_WORK TO BE COMPLETED_
The copy should begin at the line containing "Cheerleaders in blue" and end at the last line of the material. Please reproduce those lines exactly and keep pictures out.

_EXERCISE DATA_
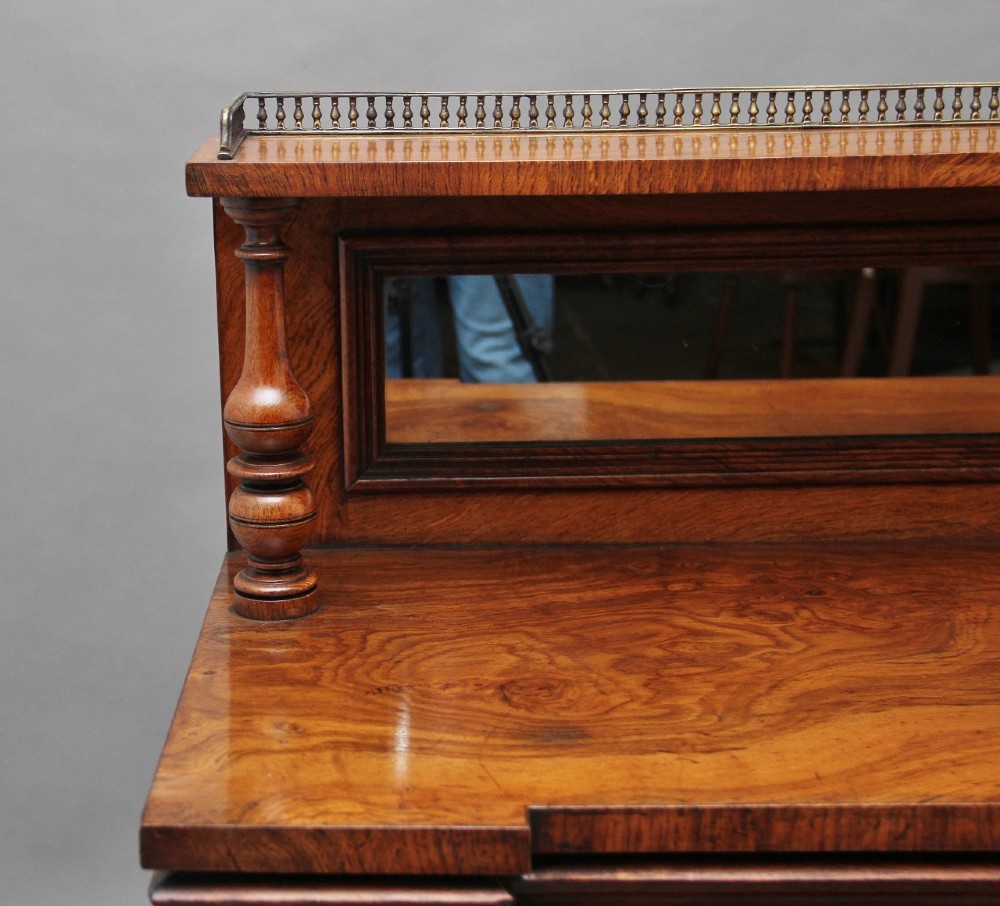 A nineteenth-century pollard oak cabinet featuring a mirrored gallery top, fluted column pillars, and twin doors with fabric-lined panels. View IX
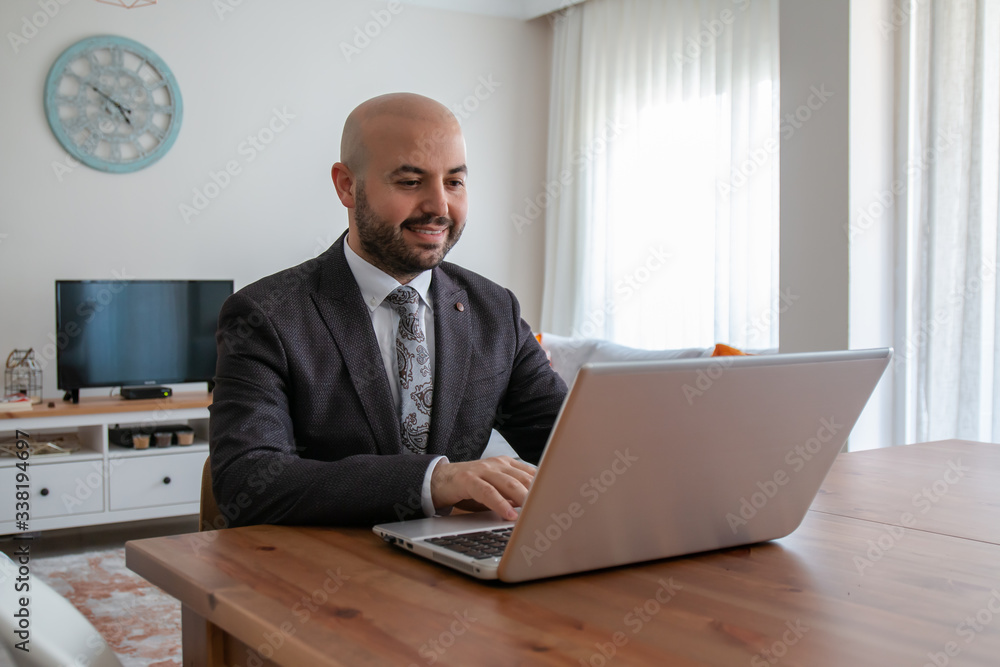 Confident businessman with beard in suit doing job interview with leptop at home. Confident businessman with beard in suit doing job interview with leptop at home.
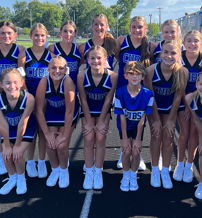 Cheerleaders in blue and black uniforms smile together on a track field, exuding joy, camaraderie, and team spirit.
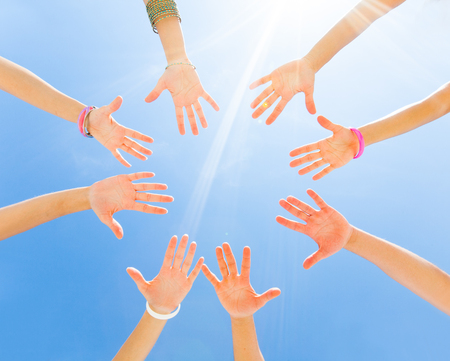 hands of young people stretching to the center on beachの写真素材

_EXERCISE OUTPUT_
 Cheerleaders in blue and black uniforms smile together on a track field, exuding joy, camaraderie, and team spirit.
 hands of young people stretching to the center on beachの写真素材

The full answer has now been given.